Cassan Guilhem, Van Steenvoort Milan
University of Namur, CEPR, DEFIPP, CRED and CEPREMAP, Rue de Bruxelles 61, 5000, Namur, Belgium.
Maastricht University Tongersestraat 53, 6211LM, Maastricht, Netherlands.
SSM Popul Health. 2021 Dec;16:100912. doi: 10.1016/j.ssmph.2021.100912. Epub 2021 Sep 14.

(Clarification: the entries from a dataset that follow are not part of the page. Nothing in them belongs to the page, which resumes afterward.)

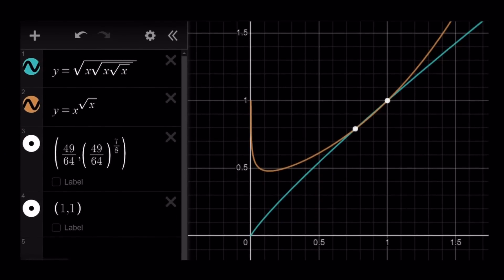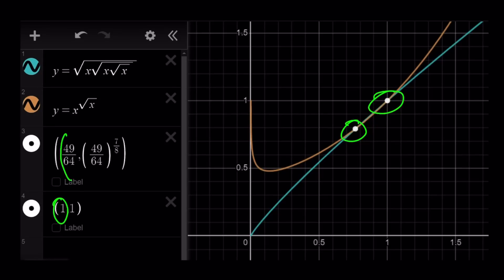Now let's take a look at the graph, which will verify what we found. We graph two functions: the square root of x times the square root of x times the square root of x, and x to the power of square root of x. They're both curves — even though the blue one kind of looks like a straight line, it's not. These two curves intersect at two points: x equals 1 and x equals 49 over 64. Thank you for watching. Please comment, like, and subscribe. I'll see you tomorrow with another video. Until then, be safe, take care, and bye-bye.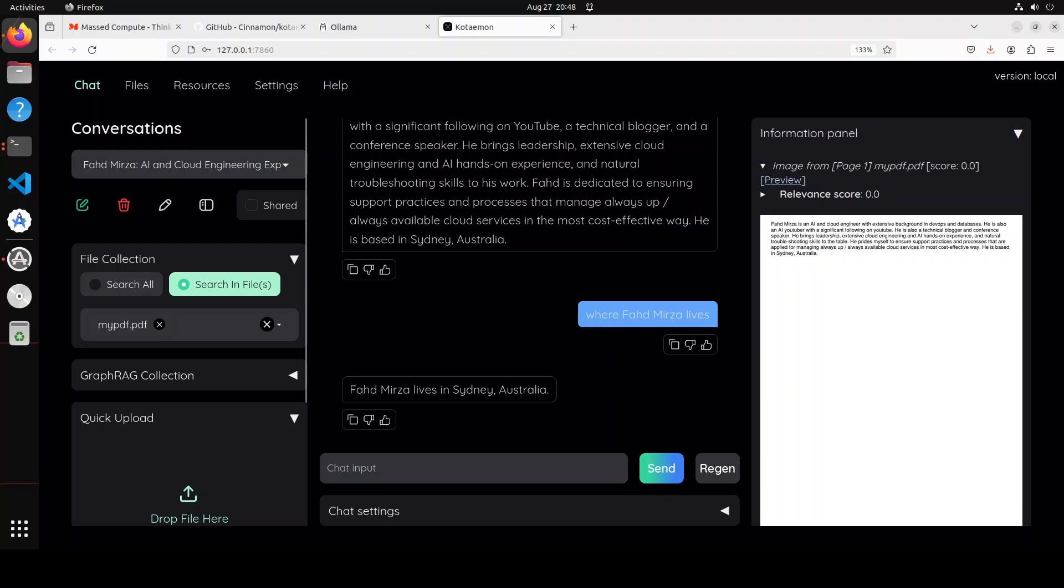And after setting that Ollama which we saved, you see when I asked it where Fahad Mirza lives, now it has told me Fahad Mirza lives in Sydney, Australia. And then you can of course thumbs up, thumbs down, you can also regenerate if you like. And again you have your document on the right hand side. So really like this stuff.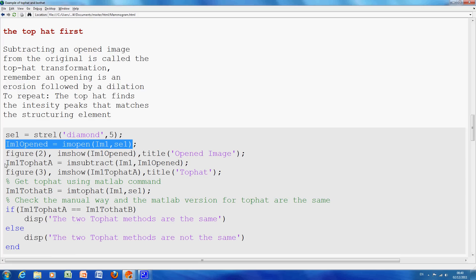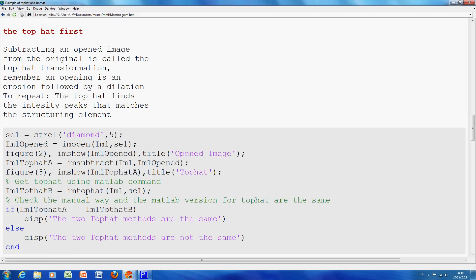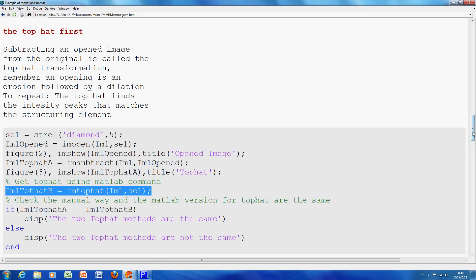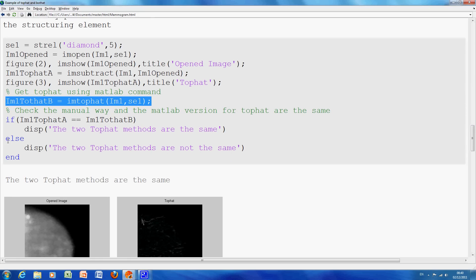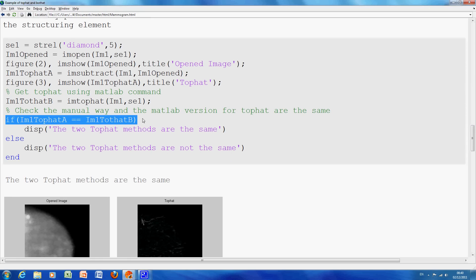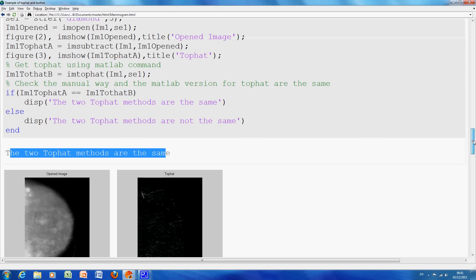There's the, as it were, by hand version of the TopHat. It's the original minus the opened. We'll look at it in a second. And then I used the MATLAB function here, IM TopHat. And I just wanted to test for equality. So, there we are. Does IM TopHat A equal IM TopHat B? It does.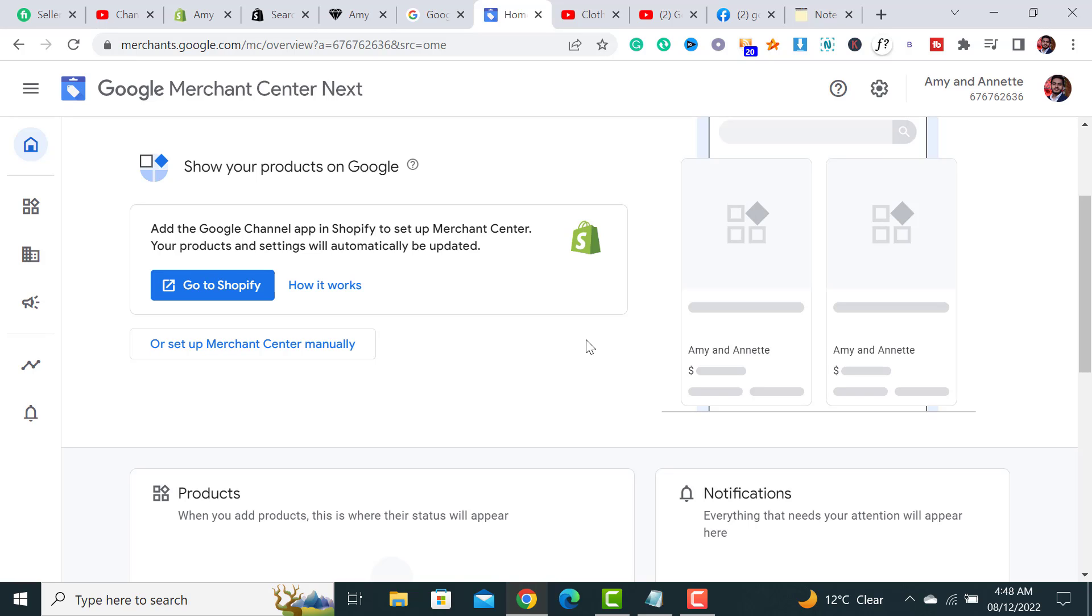This is a basic video of how you can sign up for a Google Merchant Center account. If you liked my video, please don't forget to subscribe to my channel and hit the bell icon. Thanks for watching!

The difference in COVID 19 death rates across political regimes has caught a lot of attention. The "" view suggests that autocracies may be more efficient at putting in place policies that contain COVID 19 spread. On the other hand, the "" view underlines that autocracies may be under reporting their COVID 19 data. We use fixed effect panel regression methods to discriminate between the two sides of the debate. Our results present a more nuanced picture: once pre-determined characteristics of countries are accounted for, COVID 19 death rates equalize across political regimes during the first months of the pandemic, but remain largely different a year into the pandemic. This emphasizes that early differences across political regimes were mainly due to omitted variable bias, whereas later differences are likely due to data manipulation by autocracies. A year into the pandemic, we estimate that this data manipulation may have hidden approximately 400,000 deaths worldwide.
不同政治体制下新冠疫情死亡率的差异引起了广泛关注。一种观点认为,专制政权在实施控制新冠疫情传播的政策方面可能更有效率。另一方面,另一种观点强调,专制政权可能少报了其新冠疫情数据。我们使用固定效应面板回归方法来区分这场辩论的双方观点。我们的结果呈现出一幅更为细致入微的图景:一旦考虑到各国预先确定的特征,在疫情的头几个月里,不同政治体制下的新冠疫情死亡率趋于相等,但在疫情爆发一年后仍存在很大差异。这表明,不同政治体制早期的差异主要是由于遗漏变量偏差,而后期的差异可能是由于专制政权的数据操纵。在疫情爆发一年后,我们估计这种数据操纵可能在全球范围内掩盖了约40万例死亡。